Sudan raised fears its turbulent western region could descend into full-blown war after a Foreign Ministry spokesman said on Sunday AU troops monitoring a shaky cease-fire must leave when their mandate expired on September 30. The spokesman called the decision final.
But Presidential Adviser Mustafa Osman Ismail said on Monday the government was merely responding to the AU's stance that it did not have the money or equipment to sustain its 7,000 troops in Darfur beyond the end of this month. "The AU has refused to extend its mandate beyond September 30. If they don't want to extend their mandate, they have to go," he said.

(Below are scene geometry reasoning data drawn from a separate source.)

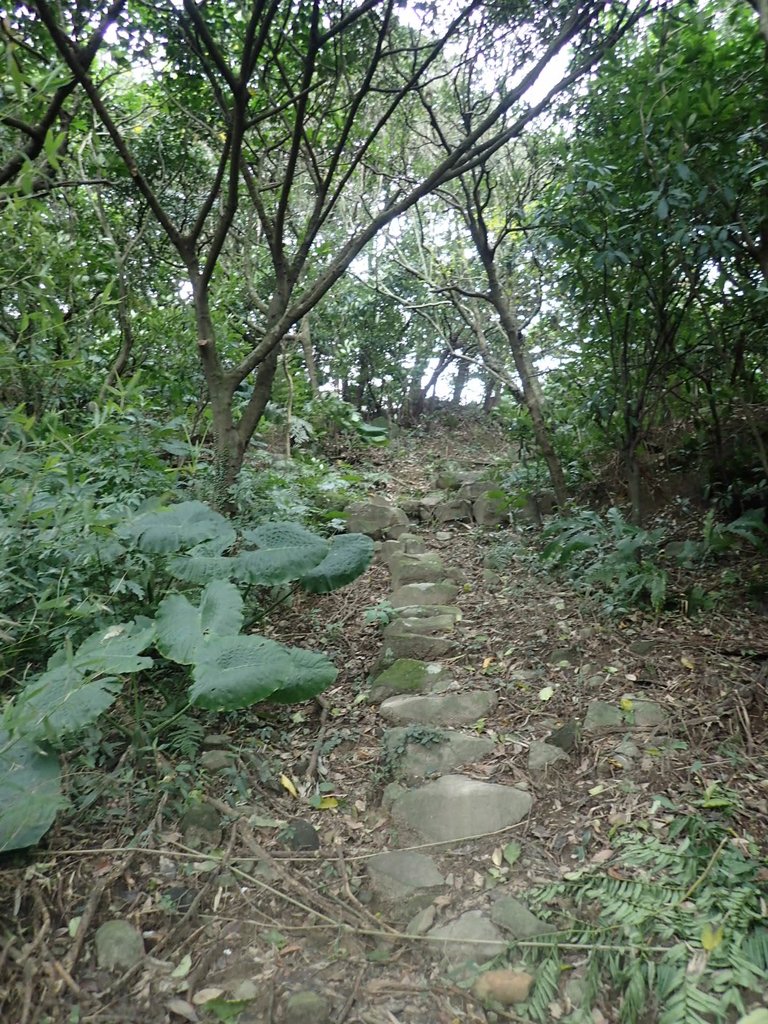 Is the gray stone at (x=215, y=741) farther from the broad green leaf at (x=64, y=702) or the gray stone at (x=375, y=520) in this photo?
the gray stone at (x=375, y=520)

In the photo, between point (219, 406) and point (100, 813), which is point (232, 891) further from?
point (219, 406)

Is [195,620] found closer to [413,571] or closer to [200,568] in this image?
[200,568]

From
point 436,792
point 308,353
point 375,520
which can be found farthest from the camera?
Answer: point 308,353

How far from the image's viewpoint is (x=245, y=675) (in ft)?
7.77

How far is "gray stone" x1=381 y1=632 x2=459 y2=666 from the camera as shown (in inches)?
141

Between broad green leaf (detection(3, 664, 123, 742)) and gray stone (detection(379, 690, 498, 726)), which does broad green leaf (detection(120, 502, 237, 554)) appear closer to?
broad green leaf (detection(3, 664, 123, 742))

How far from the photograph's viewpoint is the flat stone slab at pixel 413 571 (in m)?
4.57

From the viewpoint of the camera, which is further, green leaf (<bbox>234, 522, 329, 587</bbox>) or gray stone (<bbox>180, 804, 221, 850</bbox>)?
green leaf (<bbox>234, 522, 329, 587</bbox>)

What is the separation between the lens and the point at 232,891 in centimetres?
216

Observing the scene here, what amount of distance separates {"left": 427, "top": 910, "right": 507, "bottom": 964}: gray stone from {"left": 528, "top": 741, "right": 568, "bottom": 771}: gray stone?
70 cm

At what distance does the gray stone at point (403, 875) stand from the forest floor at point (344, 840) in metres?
0.04

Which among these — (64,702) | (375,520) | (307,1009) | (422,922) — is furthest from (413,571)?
(307,1009)

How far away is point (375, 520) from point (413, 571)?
116cm

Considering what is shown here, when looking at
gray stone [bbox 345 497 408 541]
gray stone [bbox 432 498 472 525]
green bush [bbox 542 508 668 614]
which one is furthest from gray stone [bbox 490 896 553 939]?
gray stone [bbox 432 498 472 525]
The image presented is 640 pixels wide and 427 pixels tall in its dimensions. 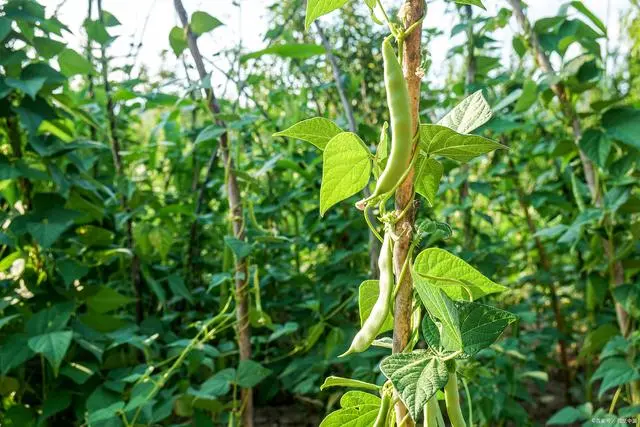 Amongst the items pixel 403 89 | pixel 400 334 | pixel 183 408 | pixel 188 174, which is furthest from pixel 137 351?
pixel 403 89

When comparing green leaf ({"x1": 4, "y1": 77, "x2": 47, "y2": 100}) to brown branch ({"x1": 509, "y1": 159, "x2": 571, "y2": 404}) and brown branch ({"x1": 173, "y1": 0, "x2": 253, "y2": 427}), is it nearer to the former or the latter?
brown branch ({"x1": 173, "y1": 0, "x2": 253, "y2": 427})

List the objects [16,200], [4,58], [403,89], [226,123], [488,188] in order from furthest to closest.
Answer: [488,188] < [16,200] < [4,58] < [226,123] < [403,89]

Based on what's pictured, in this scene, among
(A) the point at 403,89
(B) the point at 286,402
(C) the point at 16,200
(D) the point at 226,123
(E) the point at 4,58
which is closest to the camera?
(A) the point at 403,89

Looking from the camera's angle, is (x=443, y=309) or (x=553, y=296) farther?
(x=553, y=296)

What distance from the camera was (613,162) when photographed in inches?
51.3

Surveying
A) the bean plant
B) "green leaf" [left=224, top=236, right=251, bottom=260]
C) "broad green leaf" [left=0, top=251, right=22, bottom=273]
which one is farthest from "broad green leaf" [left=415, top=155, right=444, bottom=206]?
"broad green leaf" [left=0, top=251, right=22, bottom=273]

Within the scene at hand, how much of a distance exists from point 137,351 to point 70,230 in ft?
0.98

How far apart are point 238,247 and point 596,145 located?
69 centimetres

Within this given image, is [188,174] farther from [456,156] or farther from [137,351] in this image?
[456,156]

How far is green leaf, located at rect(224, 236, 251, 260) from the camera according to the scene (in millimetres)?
1067

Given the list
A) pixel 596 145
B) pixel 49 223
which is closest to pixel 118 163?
pixel 49 223

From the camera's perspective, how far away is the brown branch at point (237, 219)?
111 cm

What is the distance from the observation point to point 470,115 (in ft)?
1.68

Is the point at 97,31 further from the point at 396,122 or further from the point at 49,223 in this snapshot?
the point at 396,122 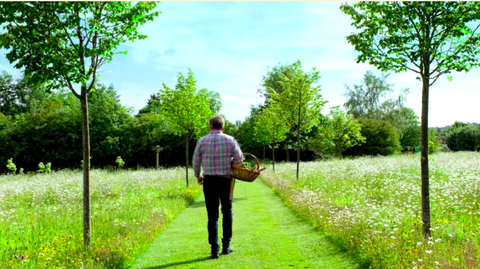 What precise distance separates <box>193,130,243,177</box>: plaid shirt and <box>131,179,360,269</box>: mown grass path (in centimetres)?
138

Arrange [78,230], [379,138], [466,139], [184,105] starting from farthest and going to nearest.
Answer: [466,139] < [379,138] < [184,105] < [78,230]

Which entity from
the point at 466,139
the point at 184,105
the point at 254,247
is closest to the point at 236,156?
the point at 254,247

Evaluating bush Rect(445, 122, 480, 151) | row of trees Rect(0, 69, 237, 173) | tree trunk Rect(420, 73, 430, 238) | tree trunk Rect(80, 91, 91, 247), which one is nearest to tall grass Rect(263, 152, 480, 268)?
tree trunk Rect(420, 73, 430, 238)

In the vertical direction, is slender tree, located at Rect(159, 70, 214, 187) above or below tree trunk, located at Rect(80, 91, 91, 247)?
above

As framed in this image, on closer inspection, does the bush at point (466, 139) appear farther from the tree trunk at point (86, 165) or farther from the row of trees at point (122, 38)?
the tree trunk at point (86, 165)

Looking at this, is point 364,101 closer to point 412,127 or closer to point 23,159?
point 412,127

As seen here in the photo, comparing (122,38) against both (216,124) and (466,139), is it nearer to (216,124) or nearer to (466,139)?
(216,124)

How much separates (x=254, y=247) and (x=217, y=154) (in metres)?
1.92

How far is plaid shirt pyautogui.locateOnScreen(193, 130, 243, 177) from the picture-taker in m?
5.59

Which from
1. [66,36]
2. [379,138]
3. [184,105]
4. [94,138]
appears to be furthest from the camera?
[379,138]

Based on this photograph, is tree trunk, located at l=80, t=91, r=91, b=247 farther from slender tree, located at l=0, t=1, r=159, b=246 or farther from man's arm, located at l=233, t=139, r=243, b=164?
man's arm, located at l=233, t=139, r=243, b=164

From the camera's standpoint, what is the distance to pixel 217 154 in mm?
5613

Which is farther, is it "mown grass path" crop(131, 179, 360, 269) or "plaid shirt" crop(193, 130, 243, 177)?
"plaid shirt" crop(193, 130, 243, 177)

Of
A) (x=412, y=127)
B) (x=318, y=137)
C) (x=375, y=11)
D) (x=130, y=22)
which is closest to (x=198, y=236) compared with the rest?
(x=130, y=22)
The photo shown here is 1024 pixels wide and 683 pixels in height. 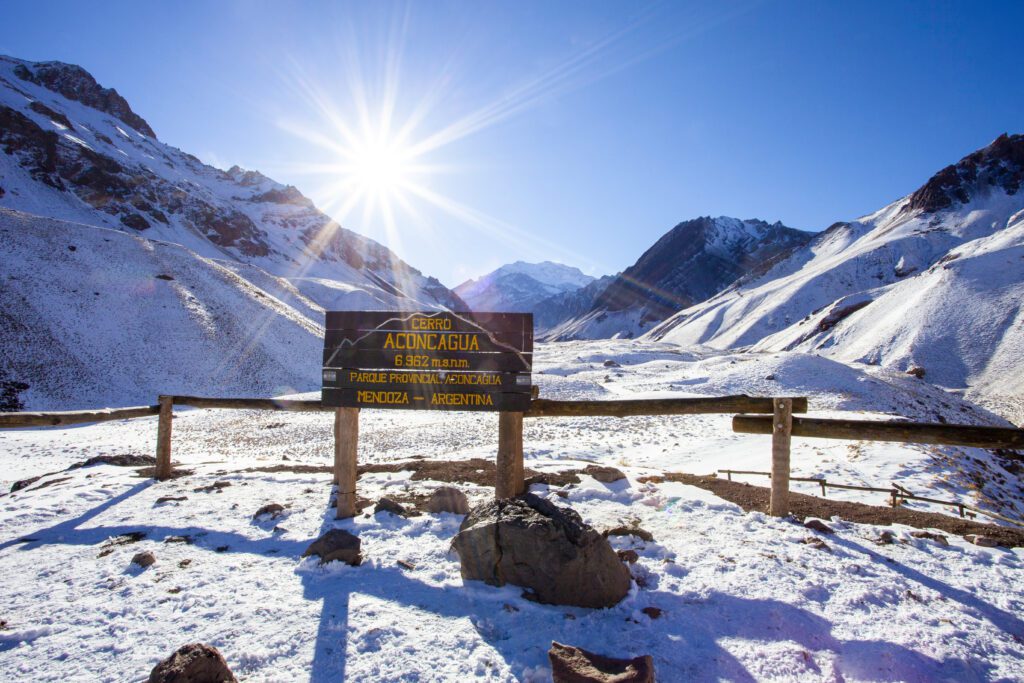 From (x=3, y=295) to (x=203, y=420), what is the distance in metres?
21.7

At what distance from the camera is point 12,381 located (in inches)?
1057

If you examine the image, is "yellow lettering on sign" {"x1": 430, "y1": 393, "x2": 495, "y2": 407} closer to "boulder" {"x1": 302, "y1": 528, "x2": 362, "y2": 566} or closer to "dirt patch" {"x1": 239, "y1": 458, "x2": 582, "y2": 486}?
"boulder" {"x1": 302, "y1": 528, "x2": 362, "y2": 566}

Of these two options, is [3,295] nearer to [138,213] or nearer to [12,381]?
[12,381]

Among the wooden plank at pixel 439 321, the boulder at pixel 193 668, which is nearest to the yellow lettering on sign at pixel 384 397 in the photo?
the wooden plank at pixel 439 321

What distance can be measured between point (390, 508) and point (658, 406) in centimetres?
441

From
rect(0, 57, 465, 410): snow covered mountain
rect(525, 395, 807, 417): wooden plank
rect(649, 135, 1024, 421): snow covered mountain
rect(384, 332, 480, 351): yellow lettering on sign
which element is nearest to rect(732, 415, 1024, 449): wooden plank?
rect(525, 395, 807, 417): wooden plank

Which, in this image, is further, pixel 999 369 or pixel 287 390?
pixel 999 369

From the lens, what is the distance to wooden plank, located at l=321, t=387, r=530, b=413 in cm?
646

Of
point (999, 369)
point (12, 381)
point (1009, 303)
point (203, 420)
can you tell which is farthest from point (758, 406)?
point (1009, 303)

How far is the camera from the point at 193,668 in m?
3.32

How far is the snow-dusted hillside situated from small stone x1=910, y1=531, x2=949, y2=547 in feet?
114

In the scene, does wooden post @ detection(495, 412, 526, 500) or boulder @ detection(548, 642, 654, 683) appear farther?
wooden post @ detection(495, 412, 526, 500)

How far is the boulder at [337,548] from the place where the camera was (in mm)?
5453

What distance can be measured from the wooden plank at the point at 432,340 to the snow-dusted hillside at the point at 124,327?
2977 centimetres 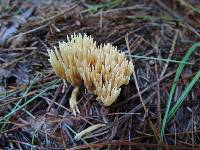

One African diplomat said the government softened its position overnight because they realised expelling the AU would end implementation of an AU-brokered May peace deal between Khartoum and one rebel faction fighting government-supported militias.
A US-British backed United Nations resolution, which Khartoum rejects, says more than 20,000 UN troops should take over peacekeeping from AU forces who have been unable to end the violence that has ravaged Darfur for 3-1/2 years.
AU troops were expected to fill the gap before the arrival of the United Nations and ultimately be absorbed into the UN operation, according to the resolution passed last Thursday.
Ismail said the government rejected that transition and argued the UN mandate's goal was "regime change". "Sudan will not accept those troops to be transformed into part of a UN force," he said. "Monitoring the borders ... protection of civilians ... creating an independent judiciary has all become the responsibility of the international forces, so what is left for the government?" he said, referring to resolution clauses.
"The United States has a clear strategy ... of trying to weaken this government ... or trying to change the government," Ismail told reporters. El Tayeb Ahmed, charges d'affaires of Sudanese embassy to Ethiopia, told Reuters in Addis Ababa Sudan was seeking clarification from the AU on its intentions. Russian Foreign Minister Sergei Lavrov, who was visiting AU headquarters in Addis on Monday, criticised the UN resolution on Darfur, saying it "was taken in haste without continued consultation with the government of Sudan".